Tempo fa mi hai detto di aver scritto tutta la saga fantasy “Legend Of The Forgotten Reign” durante il tuo servizio militare; ti eri ispirato ad altri romanzi, film o fumetti? Se si quali?

No, nessuna ispirazione esterna! Pensa che lo stesso “Signore degli anelli” l’ho letto
dopo quindi, direi che è tutto frutto della mia testa pelata!

Sei a conoscenza del fatto che ci sono anche altre band che hanno realizzato il tuo stesso esperimento (ovviamente molti anni dopo il tuo)? Intendo un ’ambientazione che si rifà al genere dell’ucronia? Parlo ad esempio degli ottimi Gloryhammer che, a livello di testi, hanno ambientato il loro primo album in una Scozia medievale alternativa, un po’ come avete fatto voi con l’Inghilterra del XIV secolo.

Ah no, non ne ero al corrente ma, ora li andrò ad ascoltare! Sicuramente sarà roba
interessante!

Parlando ora dell’aspetto musicale quali ritieni che siano i brani più adatti all’ambito live del nuovo album?

Nelle prove che stiamo facendo adesso stiamo provando “The Calm Before The Storm”, “Friends Will Be Enemies”, “The Party” e “The Fallen King”! Sicuramente queste le suoneremo sempre dal vivo! Sono molto adatte e… molto Kaledon!

Sei soddisfatto del lavoro svolto da Felipe Machado per l’artwork dell’album? Se non erro è stato realizzato partendo dalle tue indicazioni vero?

Si moltissimo… Io gli ho detto esattamente cosa doveva esserci sulla copertina ovvero, il momento dell’elezione di Re Antillius! Ha realizzato le mie idee col suo stile! Ottimo lavoro…

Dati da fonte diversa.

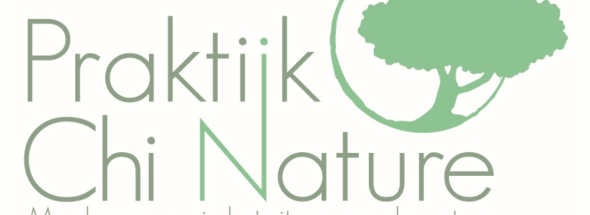 CHI_NATURE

Dando una rapida occhiata ai lavori dei Kaledon c’è qualcosa che oggi cambieresti dei vostri precedenti album?

Allora, senza dubbio la produzione dei primi due album, ed in generale la prolissità di molti brani dei primi 3 album! Riascoltando alcune parti oggi, mi sento di dire che sono diverse anni luce da come le avrei scritte oggi! Continuo però ad amare ogni singola cosa che abbiamo composto.

Ottimo l’esperimento di utilizzare l’italiano in “The Angry Vengeance”; avete intenzione di ripeterlo o di scrivere, in futuro, interi pezzi nella nostra lingua?

Ma guarda, se dovesse ricapitare perchè no… ma non credo! O meglio… questa volta era stato deciso a tavolino di farlo perchè, volevo farlo da molto tempo e avevo rimandato di continuo! Adesso che l’abbiamo fatto dubito che decideremo di nuovo a tavolino un nuovo brano in italiano ma… se capitasse l’ispirazione giusta al momento giusto… perchè no?!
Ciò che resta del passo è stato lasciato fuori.